Tags are free-form labels you can attach to any document in a journey. They're a complement to [folders](/admin-cross-cutting/documents/folders) — folders give you the *what kind of document* axis, tags give you any other axis you want to slice on (provider, body part, case theme, urgency, exhibit number).

Tagging launched in **WEB-115** and is the recommended way to handle anything you'd previously have done with sub-folders or naming conventions in a Dropbox setup.

\[Screenshot: Document preview modal with the tag chip section visible, showing several tags and an input for adding more]

## Adding a tag

1. Click any document to open the [Preview Modal](/admin-cross-cutting/documents/preview-modal).
2. In the **Tags** section at the top of the modal, click into the input field.
3. Start typing a tag name.
4. **Autocomplete** suggests matching tags already used elsewhere on this journey.
5. Click a suggestion or press Enter to add a brand-new tag.

Tags appear as chips next to the document. Click the **×** on any chip to remove it.

## Tag autocomplete

The autocomplete is journey-scoped — it suggests tags that already exist somewhere on this journey's documents. This nudges your team toward consistent tag vocabulary inside a case (everyone uses `imaging` rather than half the team using `imaging` and half using `xray`).

If you start a tag that has no match, autocomplete shows nothing and Enter creates a new tag for the journey.

## Filtering by tag

The Documents tab has a **tag filter bar** above the folder list. Click any tag to scope the view to documents carrying that tag — across all folders. Click again to clear.

Useful patterns:

* Tag every document related to a specific provider with the provider's last name (`smith-md`). Filter to see everything Dr. Smith touched.
* Tag exhibits with `exhibit-3`, `exhibit-12`, etc., for trial prep.
* Tag urgent items with `urgent` to make a fast triage list.
* Tag everything tied to a specific theory of liability (`spoliation`, `negligence-per-se`) for brief-writing.

## Folder override tags

A special tag form, `folder:N` (where N is 0–10), explicitly forces a document into a specific folder regardless of its document type. Use this when the auto-assignment lands somewhere you don't want — for example, an "OTHER"-type document that's actually a court filing should be tagged `folder:8` to land in Litigation.

You'll rarely need this.
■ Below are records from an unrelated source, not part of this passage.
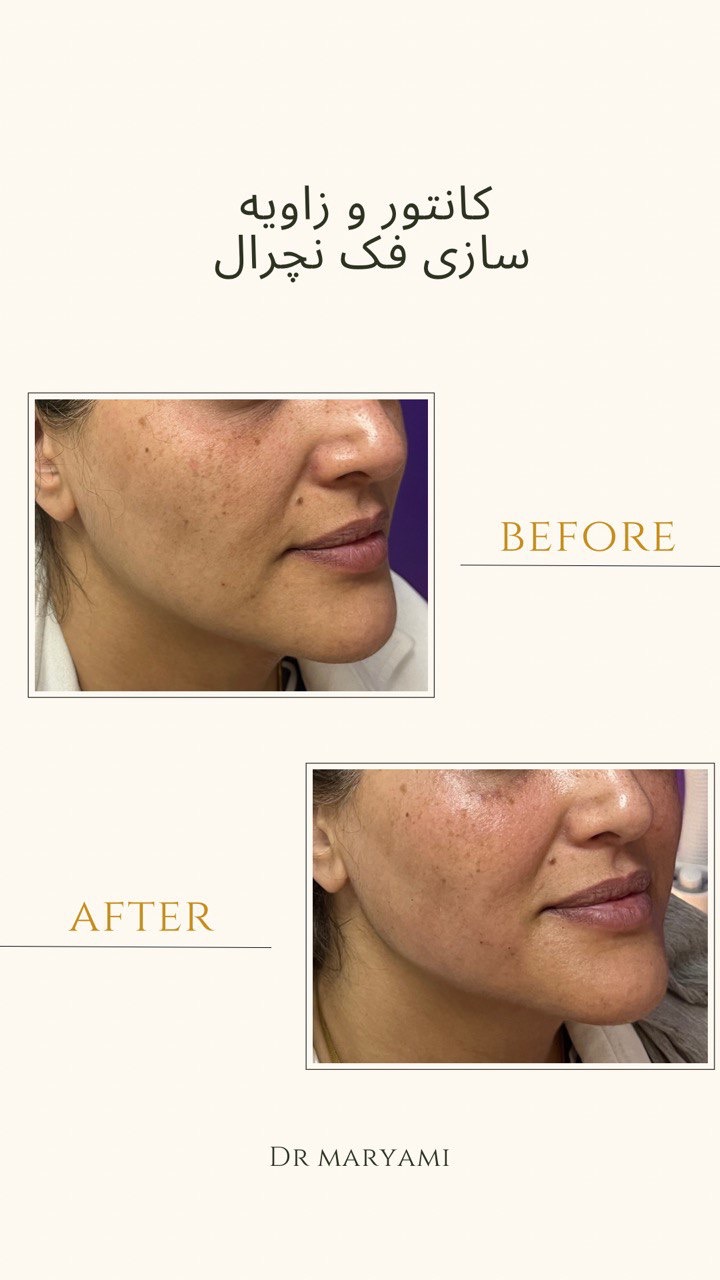 کلینیک پوست مو زیبایی دکتر نیلوفر مریمی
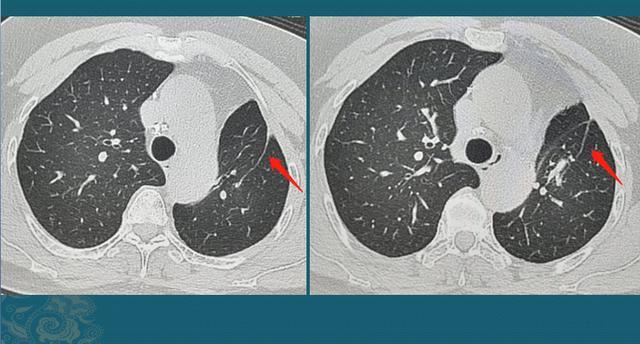 肺腺癌图片全景图图片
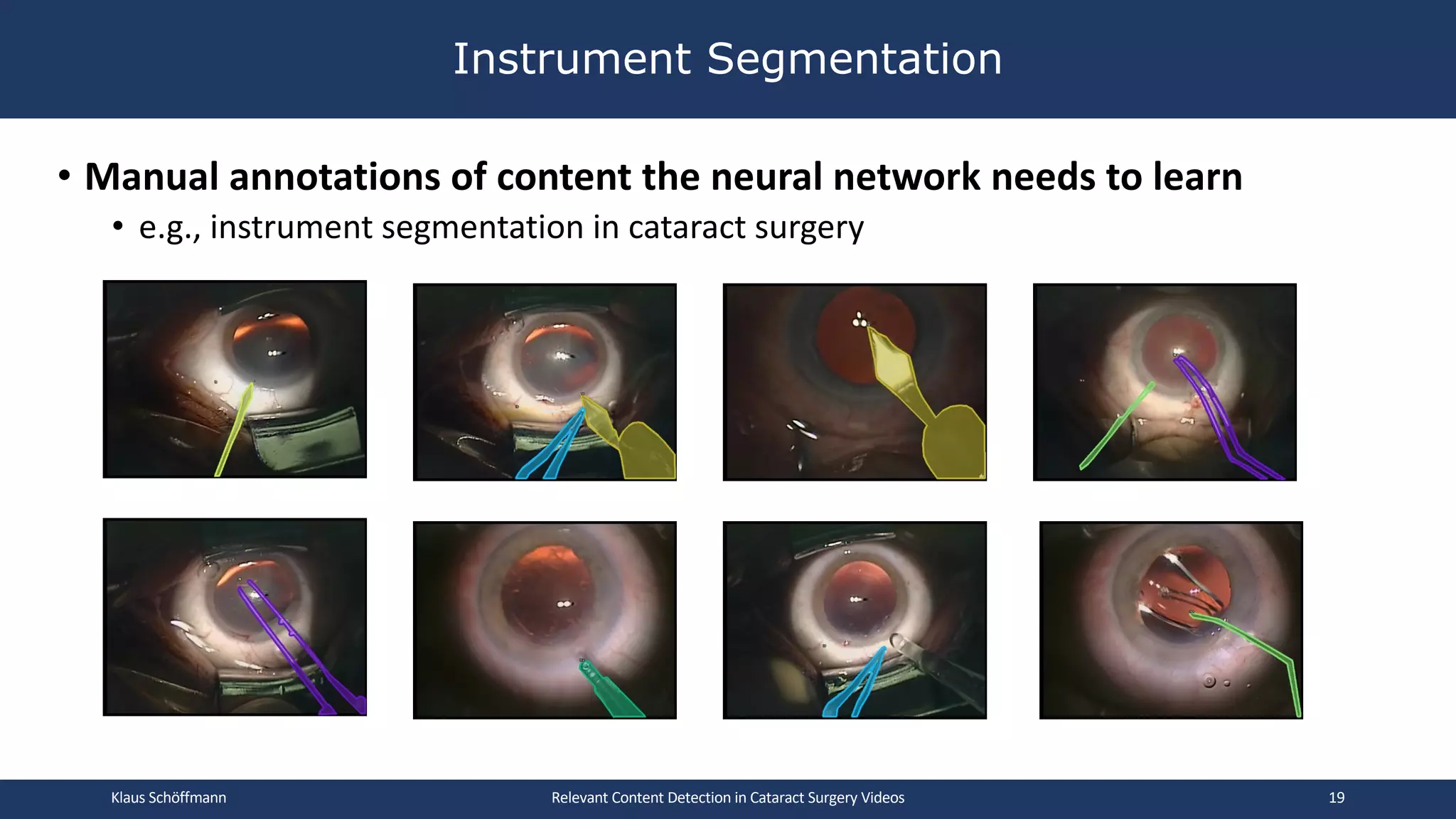 • Manual annotations of content the neural network needs to learn
• e.g., instrument segmentation in cataract surgery
Instrument Segmentation
Klaus Schöffmann Relevant Content Detection in Cataract Surgery Videos 19
 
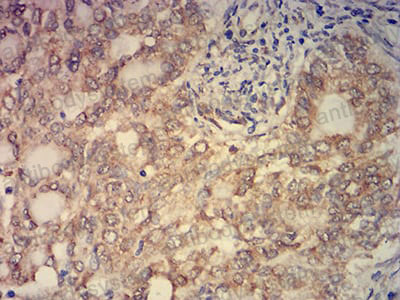 Валидация AntibodySystem RHN42601 (3818)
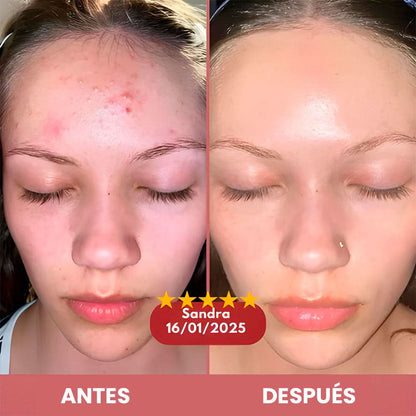 Glow Rice Duo – Exfoliación + Hidratación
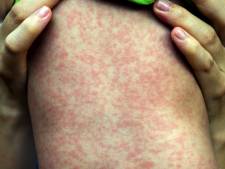 'Vaccinaties scheelden duizenden doden in Nederland'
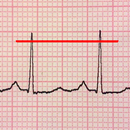 ECG Reader free APK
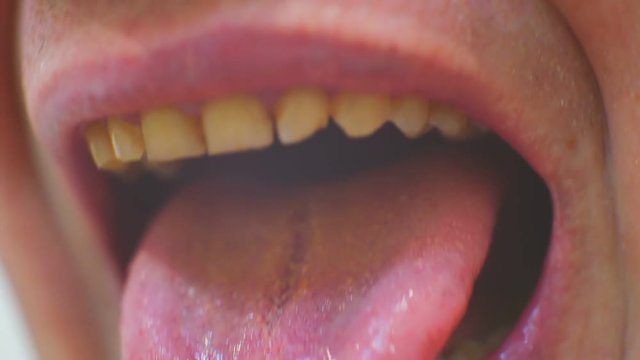 scary male mouth with yellow teeth and tongue closeup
It's there for the rare edge case where the type taxonomy doesn't fit.

## Bulk tag edits

Select multiple documents in the document list (shift-click to multi-select), then click **Tag selection**. The tags you add are applied to every selected document in one action. The tags you remove are removed from every selected document. Bulk-untag works the same way.

## What tags don't do

* Tags don't move documents between folders. Folders come from document type (or `folder:N` override), not tags.
* Tags don't sync with case-level tags or contact-level tags. Document tags are scoped to documents.
* Tags aren't shared across journeys. A tag on one journey doesn't autocomplete on a different journey.

<Note>
  This was rolled out in WEB-115 and replaces older sub-folder workflows for cross-cutting organization.
  If you're moving from a Dropbox-style nested folder setup, lean on tags for any axis other than "type of document."